[Caption-style text data]
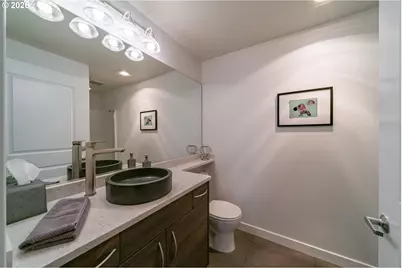 400 W 8th St #224W, Vancouver, WA 98660 - Photo 12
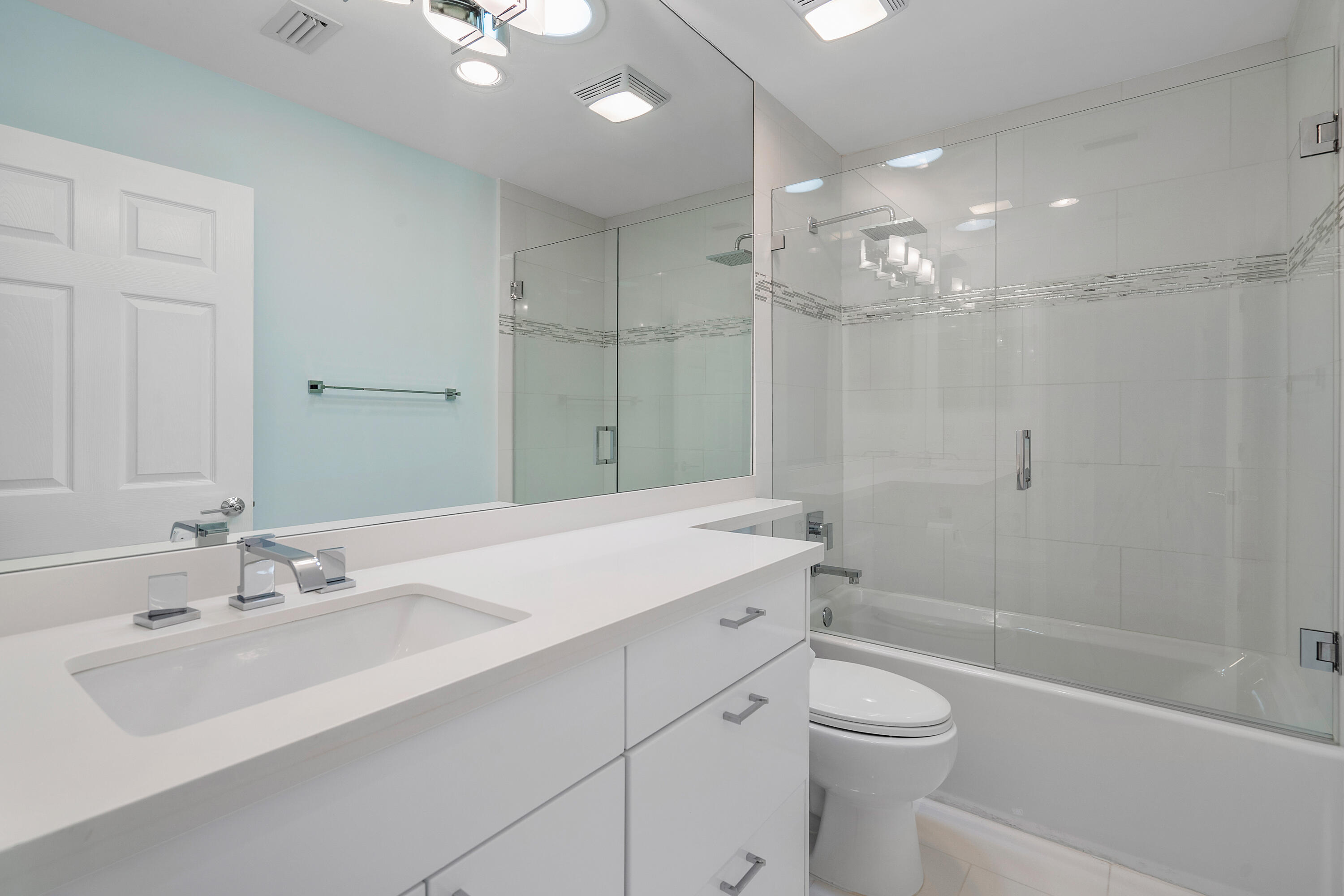 17171 Ryton Lane Boca Raton, FL 33496 - Photo 27 of 49 Bathroom 2
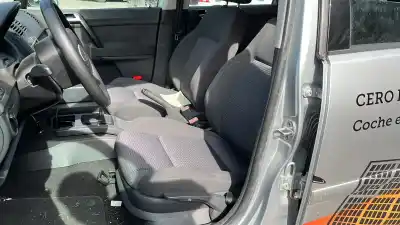 Veicolo di demolizione volkswagen polo (9n1) conceptline dell'anno 2002 alimentato 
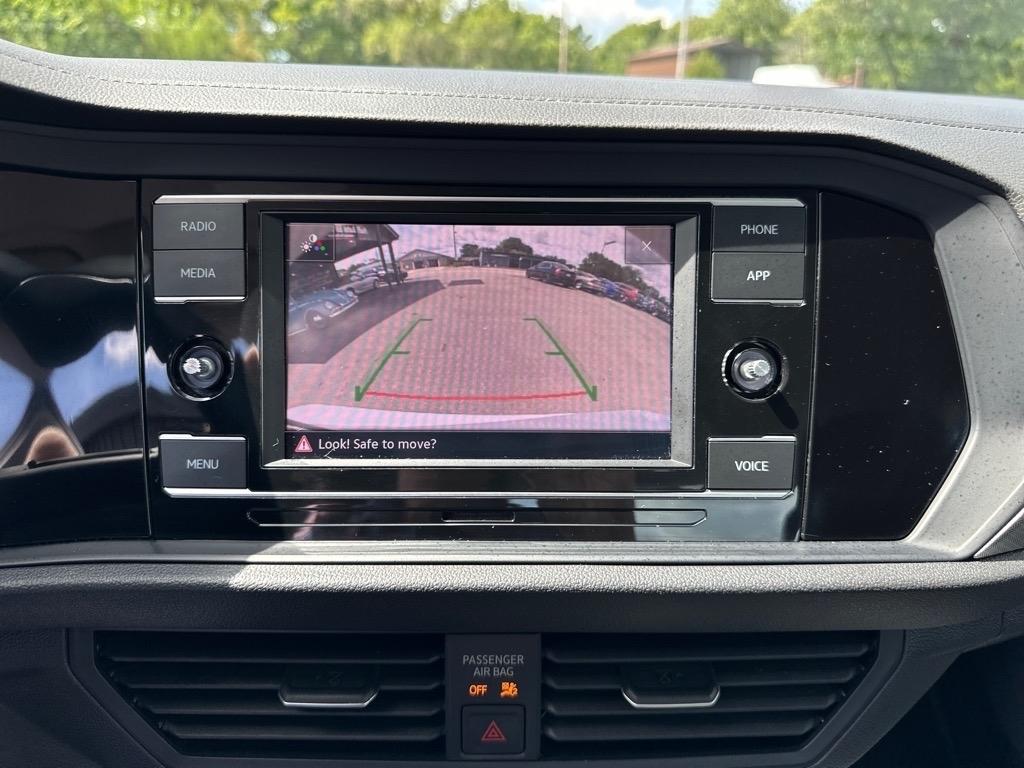 Volkswagen Jetta S Auto 2024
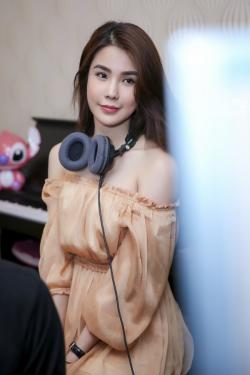 Nhan sắc của Diệp Lâm Anh sau phẫu thuật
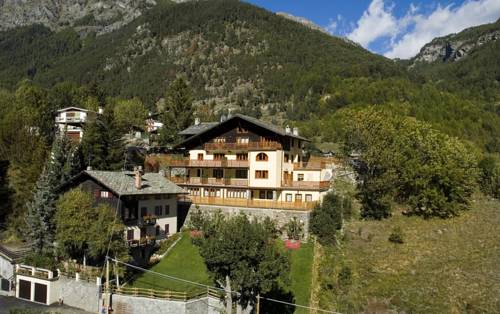 Imagen de la habitación del Hotel Beau Site, Brusson. Foto 9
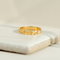 Bague 54.5 Bague vintage en or jaune 14 carats (585) à gravure structurée 58 Facettes
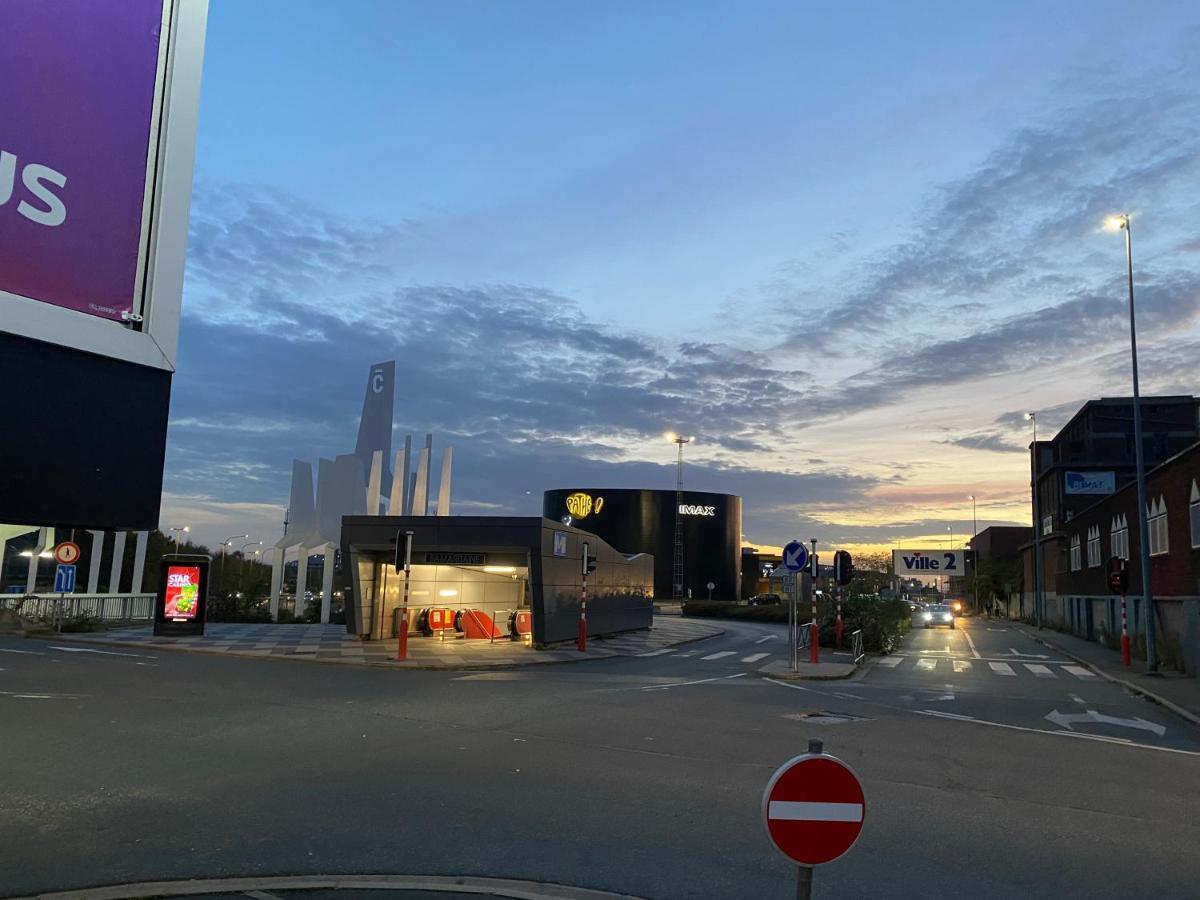 1-C Superbe Appartement Tres Calme Et Bien Decore Charleroi Kültér fotó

> [Exercise aim]
When you reach the line with "17171 Ryton Lane" in the entries above, start copying, and go on word for word to the last line; skip any picture.

> [Answer to this exercise]
 17171 Ryton Lane Boca Raton, FL 33496 - Photo 27 of 49 Bathroom 2
 Veicolo di demolizione volkswagen polo (9n1) conceptline dell'anno 2002 alimentato 
 Volkswagen Jetta S Auto 2024
 Nhan sắc của Diệp Lâm Anh sau phẫu thuật
 Imagen de la habitación del Hotel Beau Site, Brusson. Foto 9
 Bague 54.5 Bague vintage en or jaune 14 carats (585) à gravure structurée 58 Facettes
 1-C Superbe Appartement Tres Calme Et Bien Decore Charleroi Kültér fotó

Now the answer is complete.